If you want to share knowledge, you need to describe a problem where the knowledge would be useful in the form of a question that would be on topic for the site. That's blogging, Q&A style. The question should be just like any other good question on the site, keep it focused and to the point. You can elaborate as much as you like in the answer. Take care, however, to make the question constructive and narrow. Overly broad or subjective questions will still be closed even if the accompanying answer is spectacular.
You'll see a check box:

That will expand an editor for your 'answer', which in this case would be the article you wrote perhaps modified a bit to fit the context of the question as well as it can. Your answer will be posted at the same time your question is.
Stack Overflow doesn't have a community blog in the sense that other sites in the network do. blog.stackoverflow.com
used to be the place where the SO team would blog about the site and the Stack Exchange network, later moved to blog.stackexchange.com
, but so many people were used to the old one that it was left in place to avoid breakage and preserve history. Not enough interest surfaced to really explore a work around for this.

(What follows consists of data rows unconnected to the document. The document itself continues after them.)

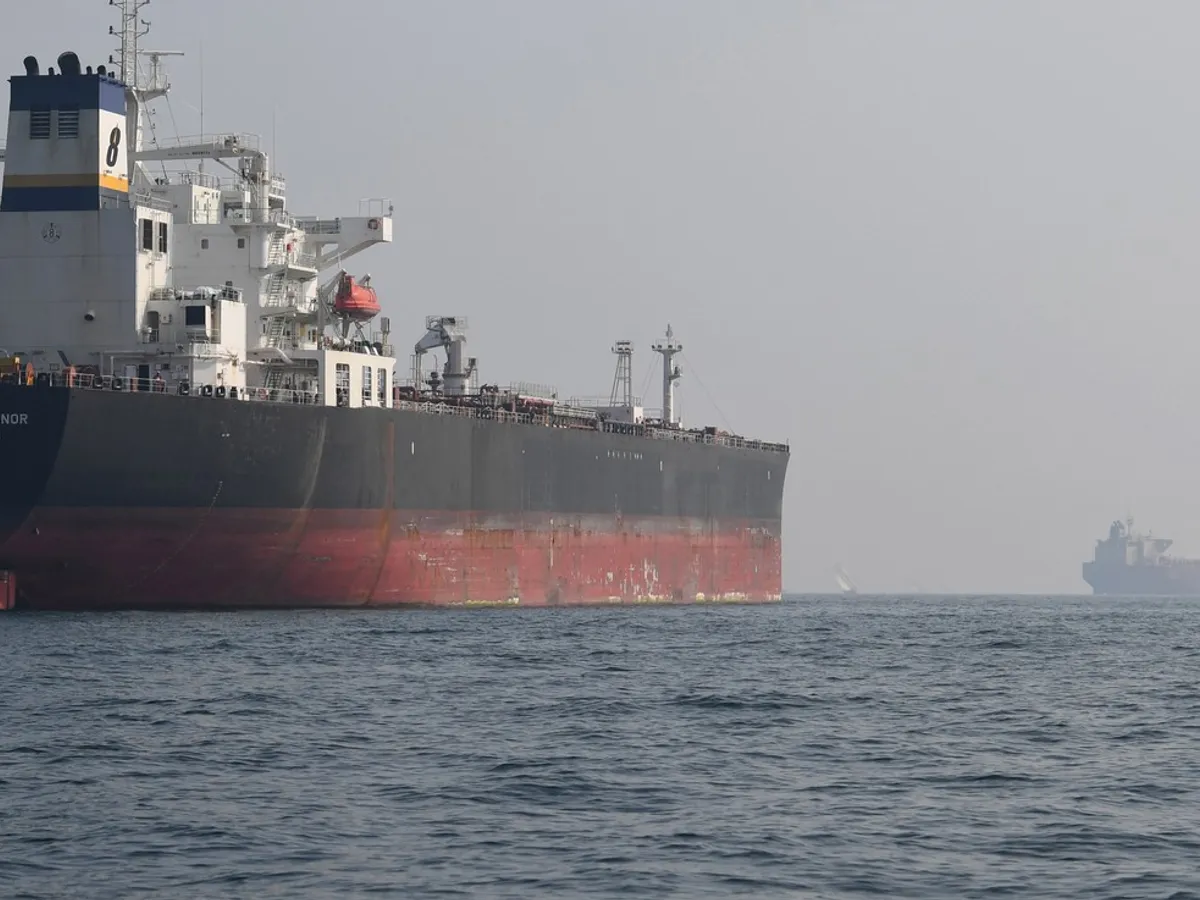 Blocada lui Trump în Ormuz a intrat în vigoare. A paralizat tot traficul comercial prin strâmtoare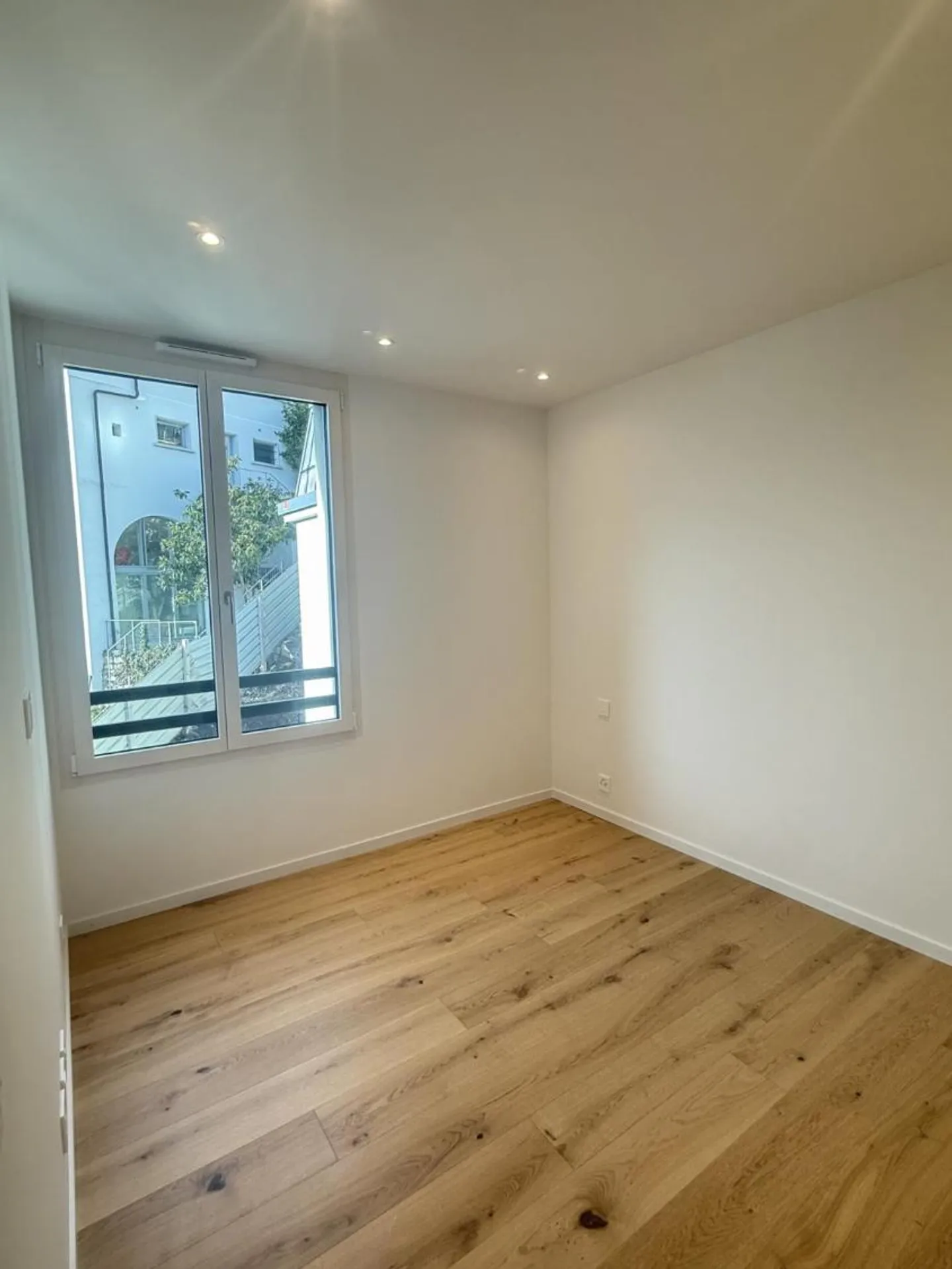 Appartamento nuovo di 3,5 locali con una bella vista a Montreux - Foto 13 di 13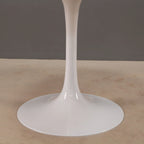 Tavolo da pranzo rotondo con piedistallo Kelty White
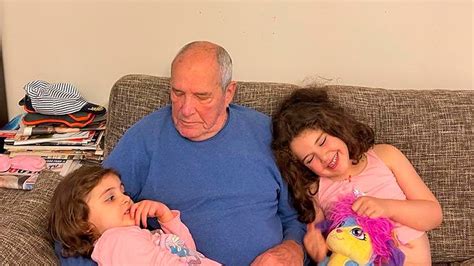 83 летний Эммануил Виторган показал редкие семейные кадры с его ...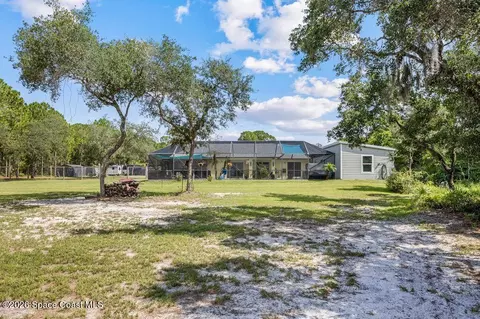 Exterior - 934 Munch Ln, Cocoa, FL 32927 photo 6 of 7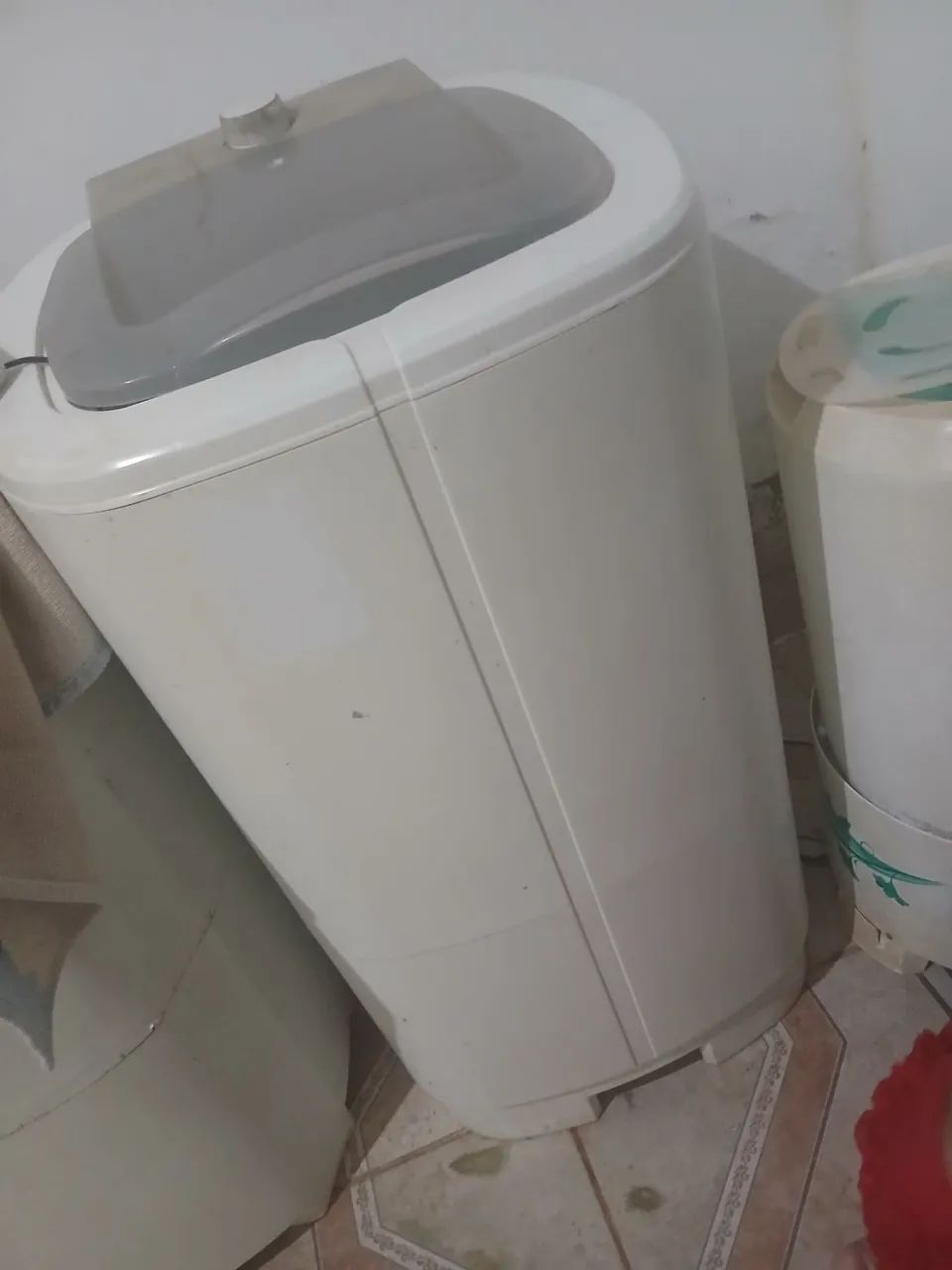 Vendo esta máquina de lavar com defeito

I've been thinking of ways that we can expand our existing tag wiki system prior to writing a concrete proposal. These sorts of 'gists' have crossed my mind, but they'd have to:
- Be peer reviewed and vetted, like all other information on the site
- Not detract from the Q&A nature of the site
... which leaves it rather stuck on 'not detract from the Q&A nature of the site'. So, until (and if) we work out where we're going to blog and how it will be organized, your best bet is to just ask and answer your own question.
As for a place to collaborate prior to posting, each site has a 'chat' link in the header, which was specifically designed to facilitate real time collaboration.